Why date doesn’t matter much
A monthly SIP averages your buy-NAV over the year. Whether you pick the 1st, 10th, or 20th, you participate in roughly the same set of NAVs. Empirical analysis on Nifty 50 SIPs over 10-20 year horizons shows date selection contributes less than 0.5% per year to return variance. Discipline and consistency matter vastly more.
Why operational date matters
If your salary credits on the 1st and SIP debits on the 30th, you may have spent the salary by then, causing NSF (insufficient funds) on the SIP debit. This is the failure mode the date selection guards against.
Pragmatic date selection
Salary timing
Suggested SIP date
1st of month
5th, 7th, or 10th
25th of month (end-of-month salary)
1st or 5th
Variable / freelance
7th or 15th (after expected receipt buffer)
Holiday and weekend handling
Per NPCI’s NACH operational guidelines:
If the chosen date falls on a Sunday or public holiday, debit moves to the next working day.
NAV applied is the realisation date NAV (subject to AMC cut-off rules; typically T-1 working day for liquid funds, T-day for equity if before 3 PM cut-off, else T+1).
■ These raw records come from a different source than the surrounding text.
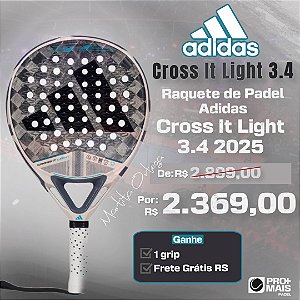 Raquete de Padel Adidas Cross It Light 3.4 2025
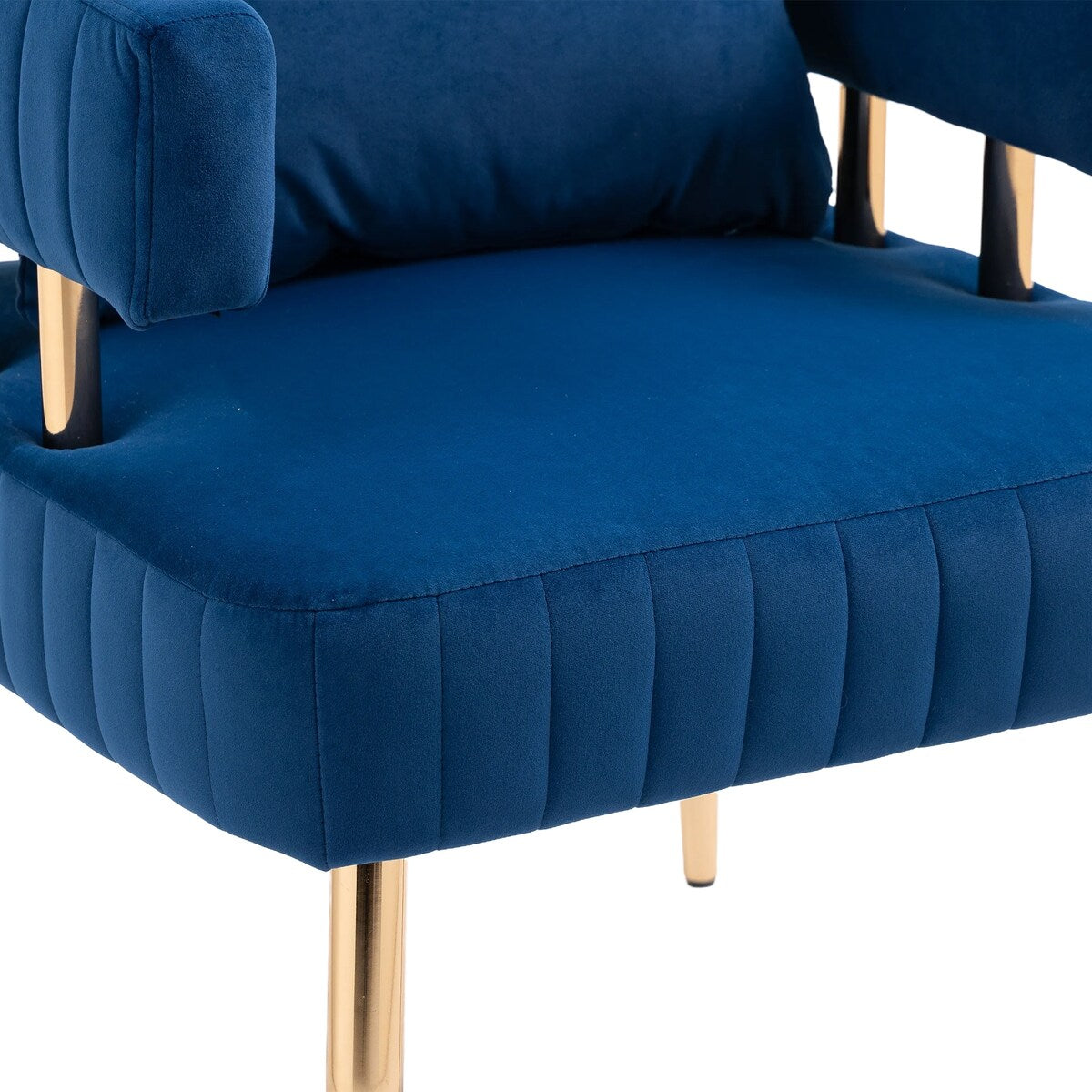 Stylish Design Accent Chair, Leisure Single Chair with Golden feet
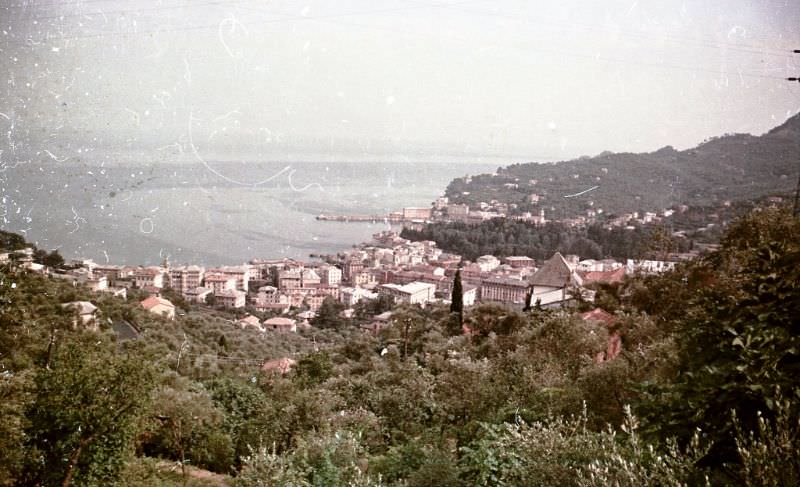 Menton, France, 1950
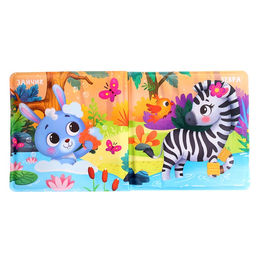 Книжка для ванны для купания с игрушками Крошка Я «Зверята», набор для купания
Multiple SIPs across dates
Some investors split their SIP into 2-4 dates per month for “smoothing.” Empirically, this provides marginal smoothing but adds operational overhead. Not necessary; one SIP per month per scheme is sufficient.
Step-up date inheritance
If you set up a step-up SIP (10% annual increase), the date remains the same; only the amount changes annually.